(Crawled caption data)
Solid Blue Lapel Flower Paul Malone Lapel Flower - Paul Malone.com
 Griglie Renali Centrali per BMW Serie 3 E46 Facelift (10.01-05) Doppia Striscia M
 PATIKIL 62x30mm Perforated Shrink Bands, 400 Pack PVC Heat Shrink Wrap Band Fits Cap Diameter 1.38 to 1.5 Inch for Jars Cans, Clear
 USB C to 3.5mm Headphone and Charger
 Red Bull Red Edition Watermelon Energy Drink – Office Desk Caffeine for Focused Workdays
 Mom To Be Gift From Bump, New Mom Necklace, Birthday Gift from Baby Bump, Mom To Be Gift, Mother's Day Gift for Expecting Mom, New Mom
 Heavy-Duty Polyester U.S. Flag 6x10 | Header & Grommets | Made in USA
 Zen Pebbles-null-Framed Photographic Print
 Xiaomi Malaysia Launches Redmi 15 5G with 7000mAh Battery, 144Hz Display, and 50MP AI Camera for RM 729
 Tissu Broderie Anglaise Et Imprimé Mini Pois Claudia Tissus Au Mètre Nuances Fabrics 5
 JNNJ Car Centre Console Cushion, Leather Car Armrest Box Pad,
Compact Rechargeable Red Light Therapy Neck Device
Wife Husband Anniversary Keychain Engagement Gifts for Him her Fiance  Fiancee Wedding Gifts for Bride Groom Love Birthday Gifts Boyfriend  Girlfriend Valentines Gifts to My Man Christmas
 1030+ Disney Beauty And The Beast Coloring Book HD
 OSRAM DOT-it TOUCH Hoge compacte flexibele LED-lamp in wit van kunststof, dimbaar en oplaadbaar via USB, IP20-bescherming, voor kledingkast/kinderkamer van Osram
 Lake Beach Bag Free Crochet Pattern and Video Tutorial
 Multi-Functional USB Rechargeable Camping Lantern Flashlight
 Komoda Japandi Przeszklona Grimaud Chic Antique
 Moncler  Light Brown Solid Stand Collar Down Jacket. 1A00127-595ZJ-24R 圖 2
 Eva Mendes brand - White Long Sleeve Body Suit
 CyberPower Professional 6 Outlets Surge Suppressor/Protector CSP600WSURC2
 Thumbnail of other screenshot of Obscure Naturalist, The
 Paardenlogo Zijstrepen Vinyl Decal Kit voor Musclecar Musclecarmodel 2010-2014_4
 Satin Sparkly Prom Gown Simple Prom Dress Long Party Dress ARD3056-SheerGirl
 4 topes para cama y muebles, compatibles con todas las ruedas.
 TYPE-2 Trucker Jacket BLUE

- [What you should do] On how many lines of the records above does the word "Rechargeable" appear? Answer with only that number.

- [Exercise response] 2